> [EXERCISE DIRECTIONS]
Return exactly the lines from the "ACNE TREATMENT VU" line through the last line of the entries below. Include no pictures.
··········
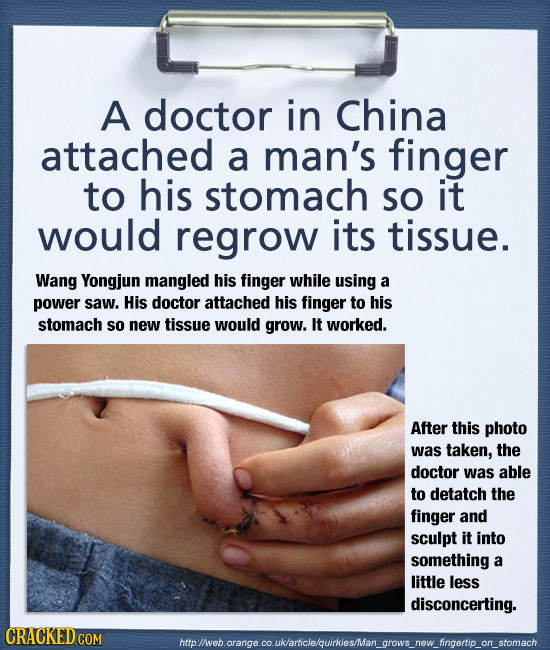 A doctor in China attached a man's finger to his stomach SO it would regrow its tissue. Wang Yongjun mangled his finger while using a power saw. His d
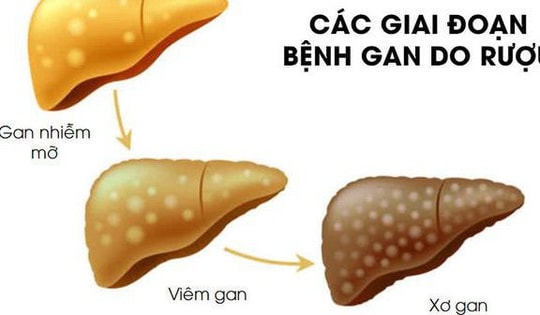 Thói quen âm thầm huỷ hoại lá gan mà đàn ông Việt hay mắc phải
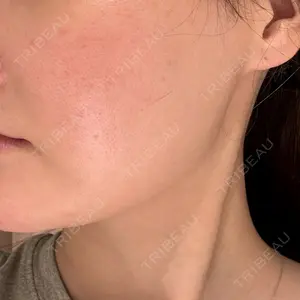BITO BEAUTY CLINIC BITO BEAUTY CLINIC口コミ
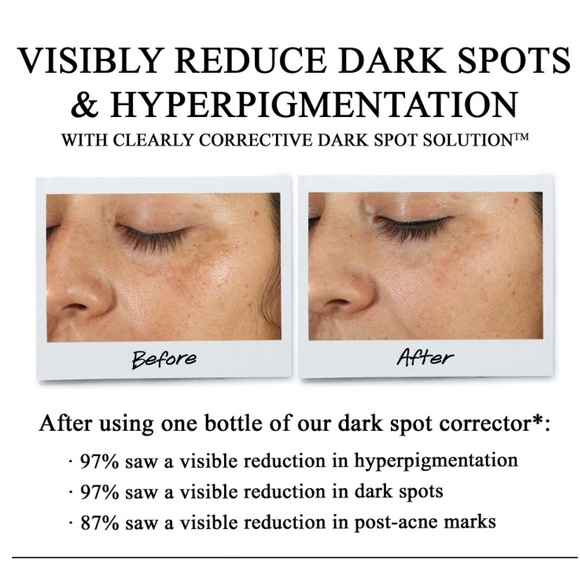 Kiehl’s Clearly Corrective Dark Spot Serum - Picture 5 of 10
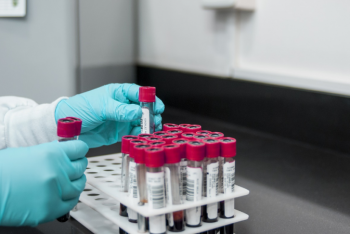 Повторных случаев заражения КВИ не зарегистрировано в Казахстане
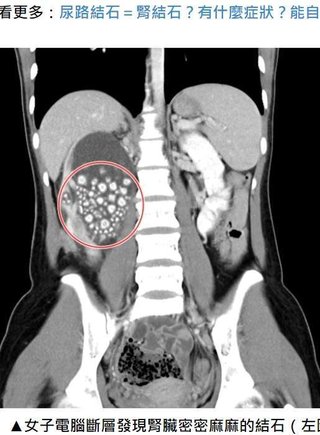 グロ注意「水をほとんど飲まなかった20歳女性の腎臓から300個以上の結石を回収（台湾）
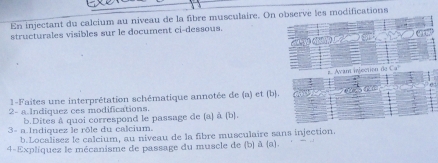 En injectant du calcium au niveau de la fibre musculaire. On observe les modifications 
structurales visibles sur le document ci-dessous. 
1-Faites une interprétation schématique annotée de (a) et (b) 
2- a.Indiquez ces modifications. 
b.Dites à quoi correspond le passage de (a) à (b). 
3- a Indiquez le rôle du calcium. 
b.Localisez le calcium, au niveau de la fibre musculaire sans injection. 
4-Explíquez le mécanisme de passage du muscle de (b) à (a).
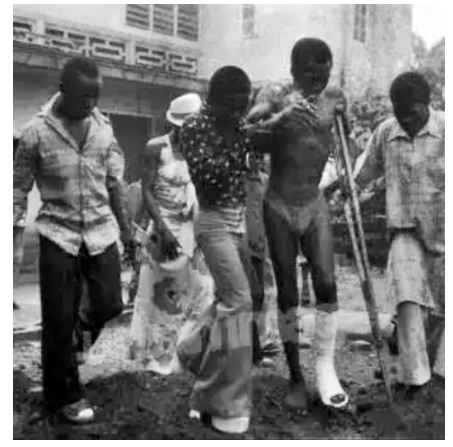Fela in 1975 after being beaten and wounded by soldiers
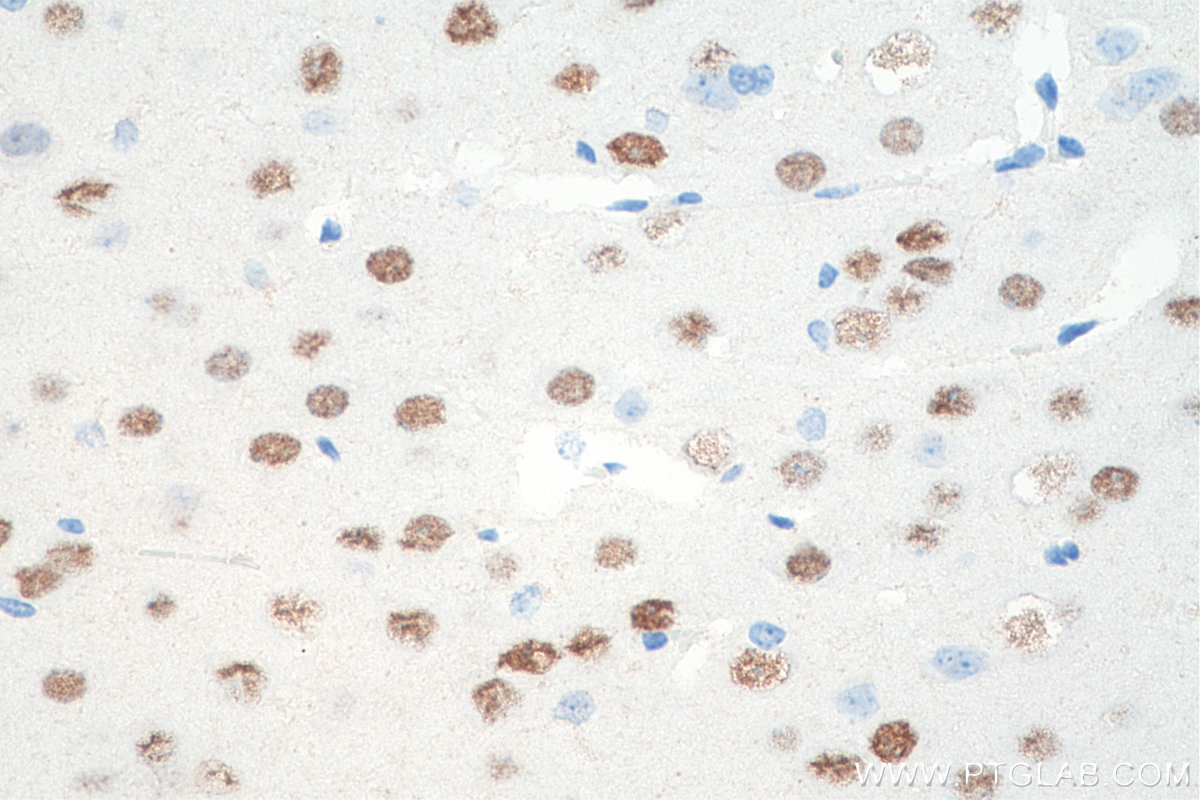 Immunohistochemistry (IHC) staining of rat brain tissue using LDB2 Polyclonal antibody (11873-1-AP)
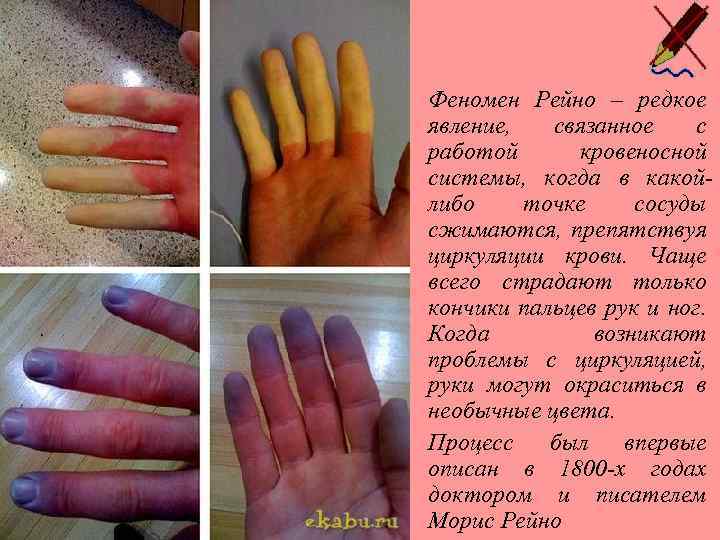  • Феномен Рейно – редкое явление, связанное с работой кровеносной системы, когда в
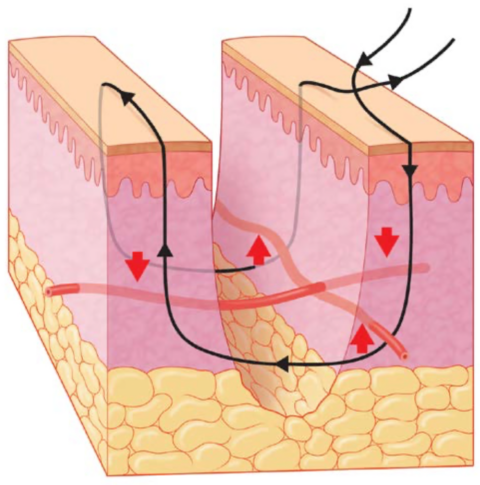 Mattress | Suture.app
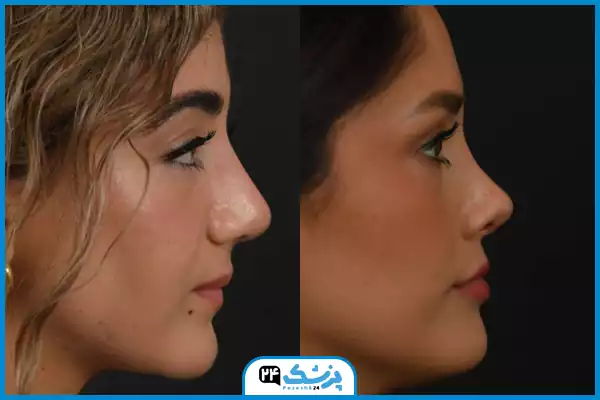 تفاوت عمل بینی اروپایی با مدل فانتزی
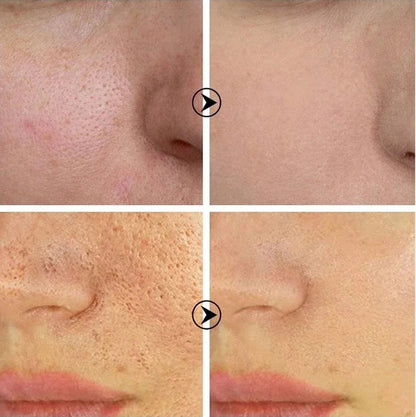 Skin Texture | Pore Refining  Brightening Serum
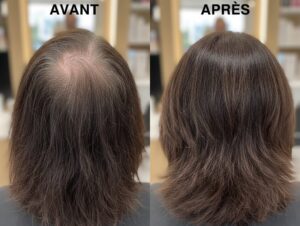 Photo comparative (deux panneaux) illustrant une amélioration spectaculaire de la densité du cuir chevelu chez une femme après greffe.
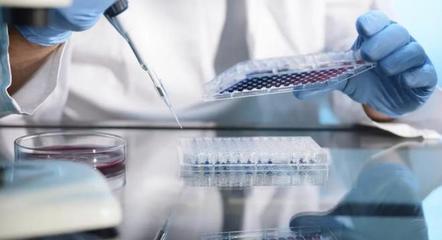 國內(nèi)細(xì)胞治療產(chǎn)品審批提速 載體制造如何擺脫"被動(dòng)追趕"局面?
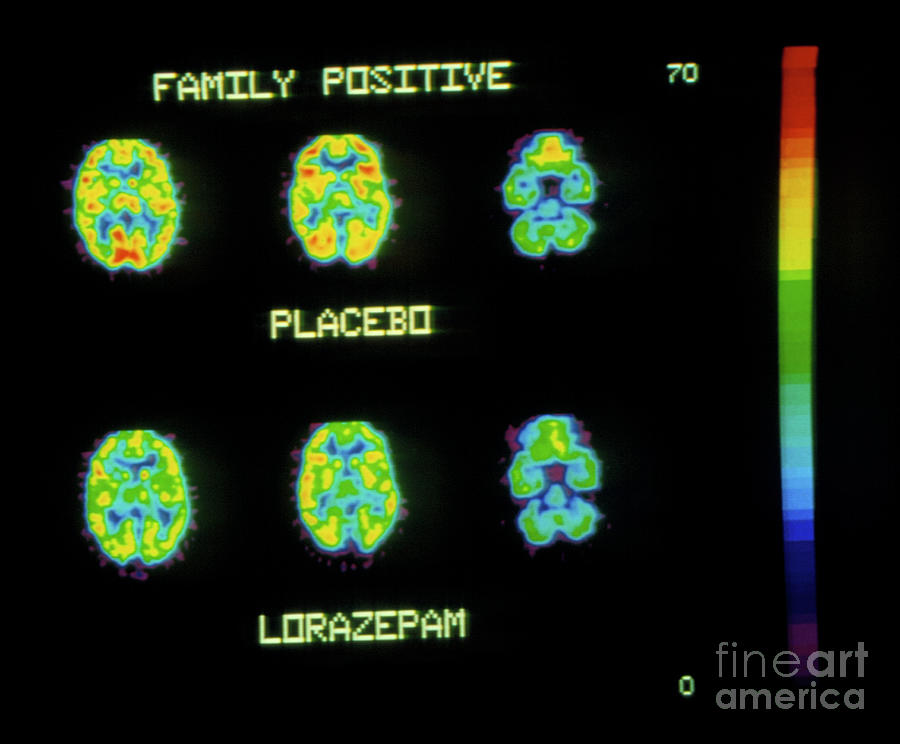 Coloured Pet Brain Scans Showing Lorazepam Action Photograph by Pascal Goetgheluck/science Photo Library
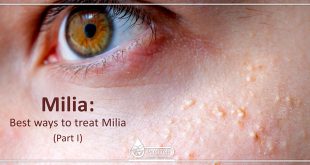 What is Milia?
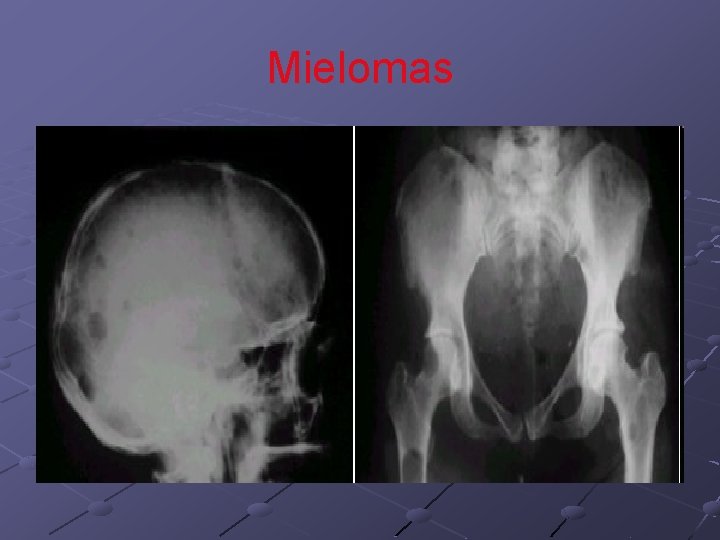 Mielomas Mielomas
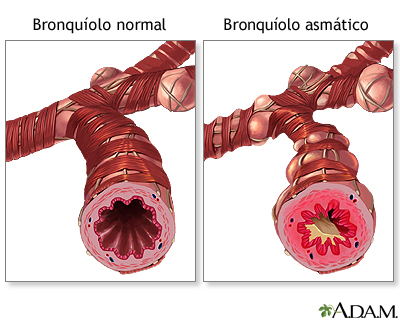 Bronquíolo normal versus asmático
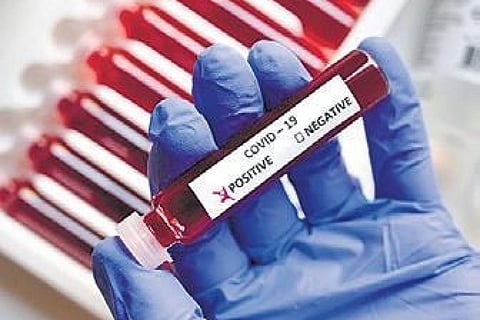 कोरोना रिपोर्टः लगातार बढ़ रहे हैं राज्यों में कोरोना के मामले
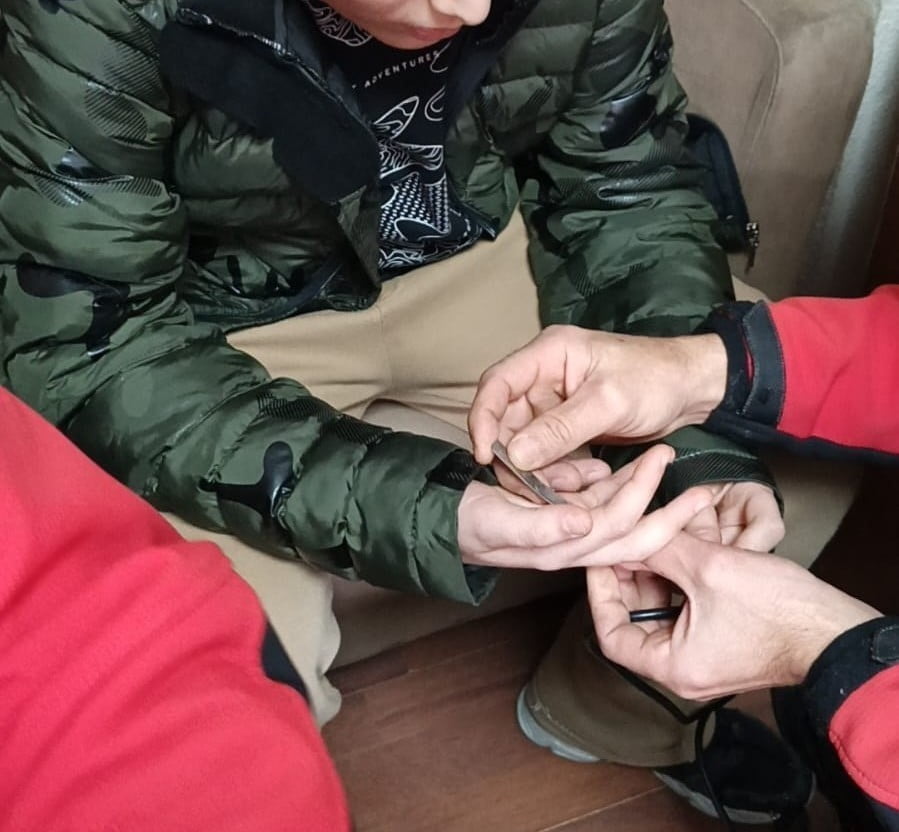 RİZE'DE OYUN OYNAMAK AMACIYLA MADENİ PARAYI PARMAĞINDA AKSESUARA DÖNÜŞTÜRMEYE ÇALIŞAN 10 YAŞINDAKİ...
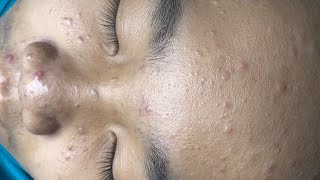 ACNE TREATMENT VU QUYNH MI  Blackheads Chin amp Nose Of Tweens 2024 EX [upl. by Eilrahc]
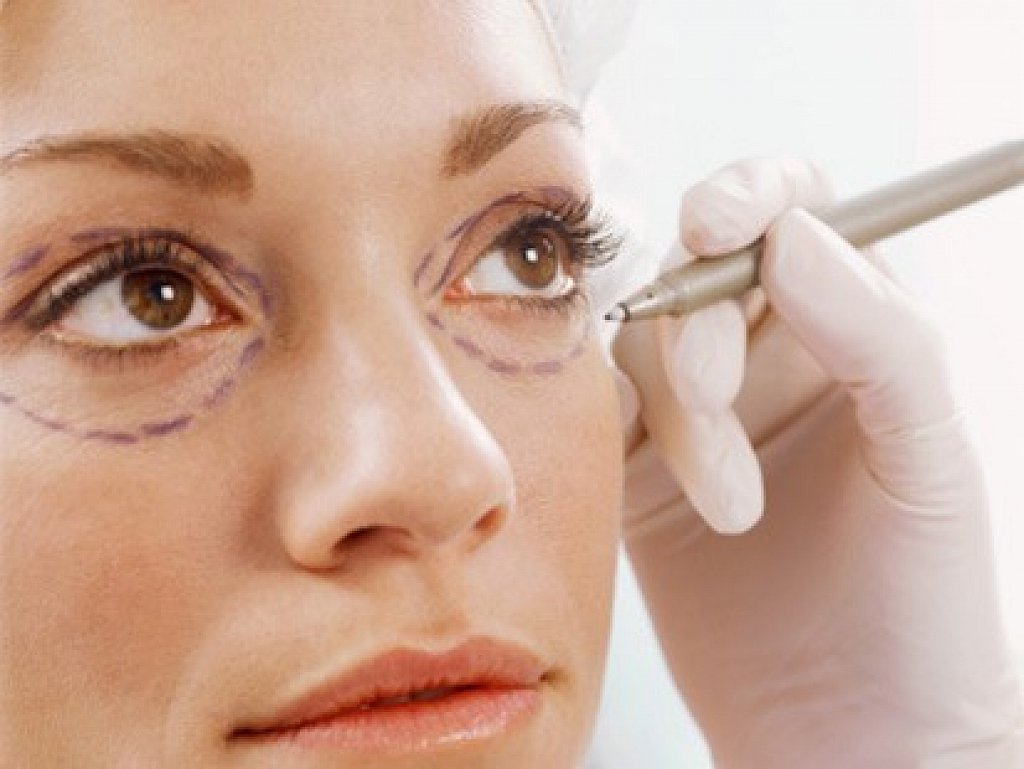 Phẫu thuật Midface làm trẻ hóa vùng mắt 3 trong 1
··········
> [RESPONSE TO THE TASK]
 ACNE TREATMENT VU QUYNH MI  Blackheads Chin amp Nose Of Tweens 2024 EX [upl. by Eilrahc]
 Phẫu thuật Midface làm trẻ hóa vùng mắt 3 trong 1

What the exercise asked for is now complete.